Rote Flora wurde nicht durchsucht
Hamburgs Innensenator Andy Grote (SPD) hat die Razzia gegenüber dem NDR verteidigt. "Die Rechtsgrundlage für die Razzien in der linken Szene ist nicht fragwürdig, sondern Teil von Ermittlungsverfahren und mit Gerichtsbeschlüssen abgesichert", sagte der Senator und sprach von einer völlig normalen rechtsstaatlichen Maßnahme, die "man sogar durchführen muss, wenn man hier erfolgreich sein will."Zweifel an der Rechtmäßigkeit, wie von der Linksfraktion geäußert, wies er am Dienstagabend in der Sendung Treffpunkt Hamburg bei NDR 90,3 zurück.

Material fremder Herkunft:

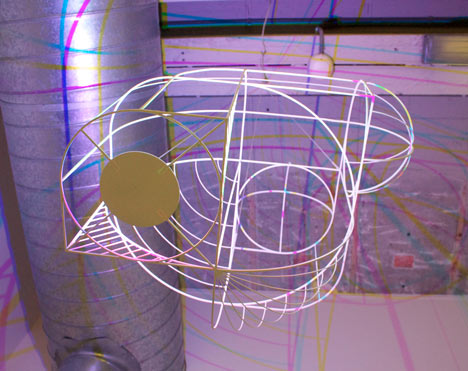 CMYK lamp by Dennis Parren CMYK lamp by Dennis Parren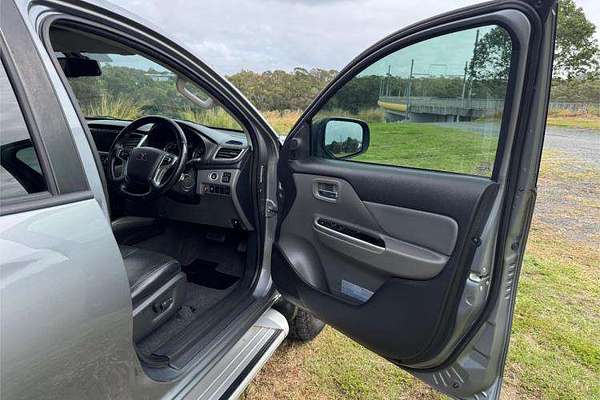 2018 Mitsubishi Triton Exceed MQ 4X4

Der Vorsitzende der Hamburger CDU-Bürgerschaftsfraktion, André Trepoll, zeigt sich erstaunt darüber, dass die Polizei nicht auch das Kulturzentrum Rote Flora einbezogen hat. „Ich bin verwundert, dass die Rote Flora als Hotspot des Linksextremismus in Hamburg nicht durchsucht wurde“, sagte Trepoll der Deutschen Presse-Agentur. Schließlich habe auch Bürgermeister Olaf Scholz (SPD) das linksautonome Kulturzentrum im Schanzenviertel als „Dreh- und Angelpunkt für die G20-Krawalle“ ausgemacht.